That goalie is freshman Jan Spunar, who has gotten the bulk of the work in goal for the Fighting Hawks lately.
“He wasn’t our best practice player, so he didn’t still have ton of confidence in us early,” Jackson said. “When we put him in the game, he’s poised. He plays the puck really well as well. That helps us on our breakouts quite a bit. Jan’s been really strong, he hasn’t had many bad starts. He’s just been consistently strong. And then he’s made a few really, really big time saves along the way as well. I can’t say enough about how he’s come in and just been such a stabilizing force back there for a freshman.”
7. It’ll be Ethan Dahlmeir’s net for the next couple series for UMD. Gajan is in Italy, and Dahlmeir will get the start Friday night, backed up by freshman Cole Sheffield.
Sandelin said he was tempted to go to Dahlmeir Saturday in Denver, but decided to give Gajan that start before he left. That went well, and now UMD has to turn the page for the time being. Dahlmeir started two games in January, helping the Bulldogs to Saturday wins over Lindenwood and St. Cloud State on back to back weekends.
“It’s a new chapter,” Sandelin said. “So build off what you did. And you know what? If he plays like he can and keeps winning games for us, we’re going to have a good goalie dilemma when he (Gajan) gets back. A really good problem. So I told him I’m excited for him.”
For his part, Dahlmeir said last month that the starts he did get helped his confidence after he played in just one game and faced only ten shots in the first half (he played much of the third period of that loss at North Dakota on Nov. 1).
8. The NCHC will have four league series every weekend until the regular season ends, and while UND appears to have a good hold on first place (yes, the lead is three points on DU, but UND has two games in hand), the race to avoid the bottom of the league is heating up.
Miami is fifth with 22 points, then it’s St. Cloud State at 20, Colorado College and Arizona State both at 19, and Omaha is last with 18 points. Remember, ninth place doesn’t qualify for the league playoffs.
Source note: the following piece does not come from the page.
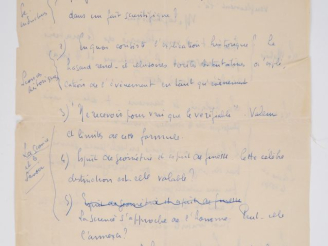 Vente aux enchères BOUSQUET (Joë). LOGIQUE - MÉTAPHYSIQUE. 2 pages sur un f. (27 X 21 cm)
Two of those bottom five teams will meet when St. Cloud State travels to the desert to match up with Arizona State. The Huskies were showing some signs of life, but got swept at home by resurgent Miami last weekend.
Colorado College finishes the Gold Pan series with Denver, starting Friday in Colorado Springs. The Pioneers will keep the traveling trophy if they get a point in the series, as they won in overtime and then in regulation against CC in the first half.
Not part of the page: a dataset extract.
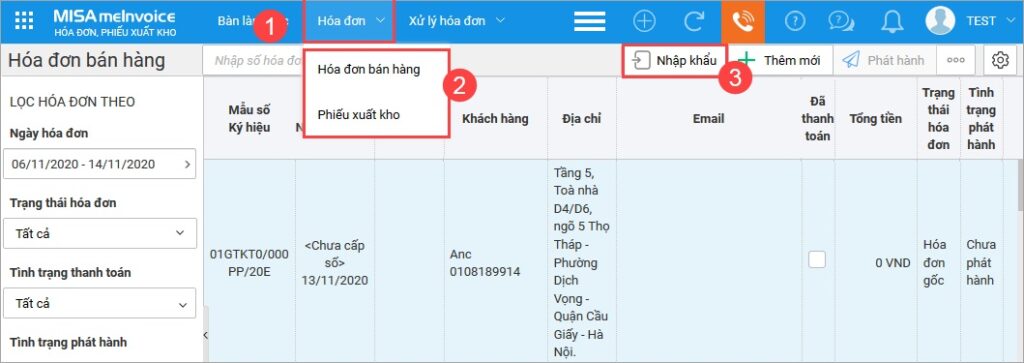Hướng dẫn cách xuất hóa đơn điện tử Misa cần lưu ý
The other league series sees Miami host Western Michigan. The Broncos’ ten game winning streak was snapped by Omaha on Saturday, and we’re about to find out how “for real” this Miami team is.
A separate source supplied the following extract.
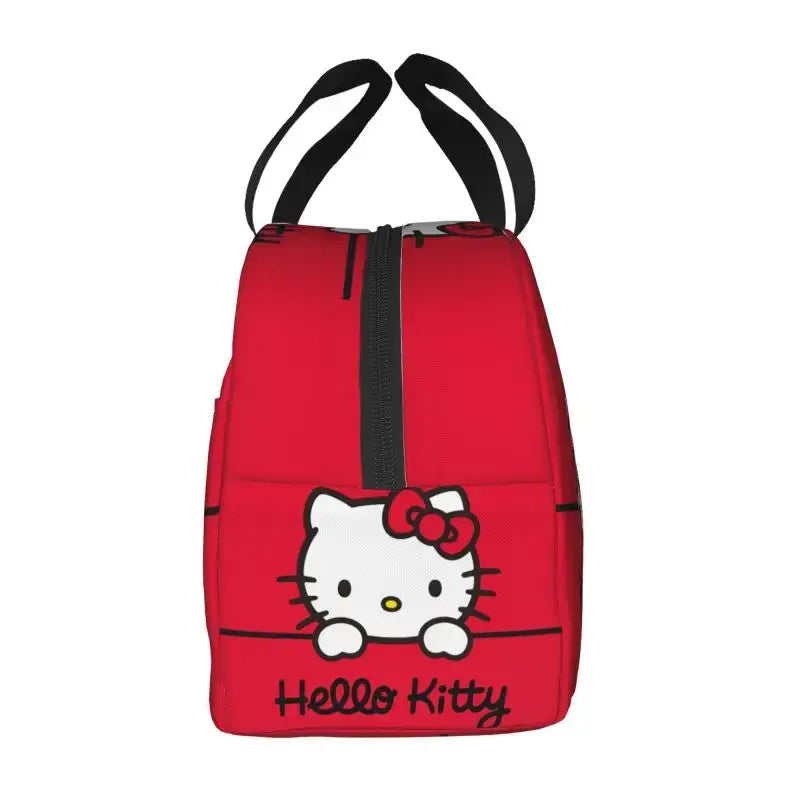 Sac à lunch personnalisé Hello Kitty Cat, glacière étanche, isotherme, boîte à bento pour femmes, enfants, pique-nique, voyage, nourriture, sacs fourre-tout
(SPOILER: Miami might not beat Western, but they’re 13 wins ahead of last season. They’re plenty real.)
9. The UMD women get Bemidji State this weekend. The Bulldogs will play their final four home games of the regular season over the next two weeks, with St. Thomas visiting next weekend. UMD has slipped to tenth in the NPI and absolutely can’t afford to lose any of these games. Frankly, the Bulldogs probably need four regulation wins before finishing the regular season in two weeks time at Minnesota.
“Sometimes, these games test your belief,” UMD coach Laura Schuler said this week. “You’ve got to buy into the process and believe in what you’re doing. Bottom line is our team has to do better at putting the puck in the net. That’s been definitely a struggle for us.”
Schuler pointed out that their proprietary data showed the Bulldogs outchanced Ohio State last weekend, but were outscored 9-3 in the two-game series, including 4-0 in the first period of Friday’s 6-2 defeat.
“We’ve got to continue to focus on finishing at the net, playing tough around the net, and keeping our foot on the gas pedal.”
If UMD gets six points this weekend and St. Thomas doesn’t get at least three from Minnesota (also, Minnesota State can’t more than four points from St. Cloud State), it will clinch home ice for UMD in the first round of the WCHA playoffs Feb. 27-Mar. 1.
The Beavers are last in the WCHA, but Saturday’s win over Minnesota State snapped a seven-game losing streak.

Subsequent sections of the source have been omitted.